ヴァレリー・メトカーフは、ルネにプライベートなことを大声で暴かれたため、彼女を恨んで少しずつ食事にヒ素を入れていた。ただし殺意はなく「ちょっとお腹を壊せばいいと思っただけ」だという。
捜査中に不審な物音を聞いたジェシーが天井裏に上ってみると、そこにいたのはテディ・エンワルドで、何とそこに住んでいるという。家賃が高すぎて払えないからと、天井裏に着替えや寝具などを持ち込み、同僚たちの残飯を食べていたのだ。
ルネのデスクからは脅迫の手紙が発見されるが、送られたのは2年以上前で、まだルネが勤め始める前。そこでルネ自身について調べてみると、意外な過去が明らかになる。彼女は一流大学でMBAを取得し、前職は大手投資会社の副社長で、住んでいる家も受付係には似つかわしくない豪邸だった。

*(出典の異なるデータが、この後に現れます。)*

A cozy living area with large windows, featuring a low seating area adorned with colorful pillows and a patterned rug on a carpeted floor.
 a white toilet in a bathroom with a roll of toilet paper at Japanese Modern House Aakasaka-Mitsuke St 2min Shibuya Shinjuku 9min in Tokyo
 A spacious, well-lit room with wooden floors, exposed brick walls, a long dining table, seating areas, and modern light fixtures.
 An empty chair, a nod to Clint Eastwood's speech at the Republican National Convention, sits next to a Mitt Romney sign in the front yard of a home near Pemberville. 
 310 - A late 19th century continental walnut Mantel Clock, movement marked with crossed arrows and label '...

ルネの自宅の庭は何者かに車で荒らされており、やはり社員のマーク・バロックがしたこととわかるが、マークはルネを誤解していただけだと言う。マークは職場に飼い犬を連れて来たことを注意され、ルネに告げ口されたと思い込んで花壇を荒らしたが、ルネは実はマークをかばっており「発作を起こしたので介助犬が必要だ」と嘘の報告をしていた。ルネがあれこれ口うるさく言っていたのは、同僚たちが解雇されないよう守るためだったのだ。
ルネが毎月墓地に小切手を送っていたことがわかり、管理人に聞いたところ、ペイジ・ショアハムという女性の墓の手入れをするためだとわかる。ペイジは以前にルネの下で働いていたがリストラされ、それを苦にして自殺していた。ルネに送られた脅迫状は、ペイジの筆跡だった。ルネはペイジが自殺したことで投資会社を辞職し、もう誰もクビにしなくてすむようにと、受付係に転職していたのだった。
ペイジについて調べたところ、彼女には婚約者がいたことがわかる――遺体の第一発見者だったリプトンだ。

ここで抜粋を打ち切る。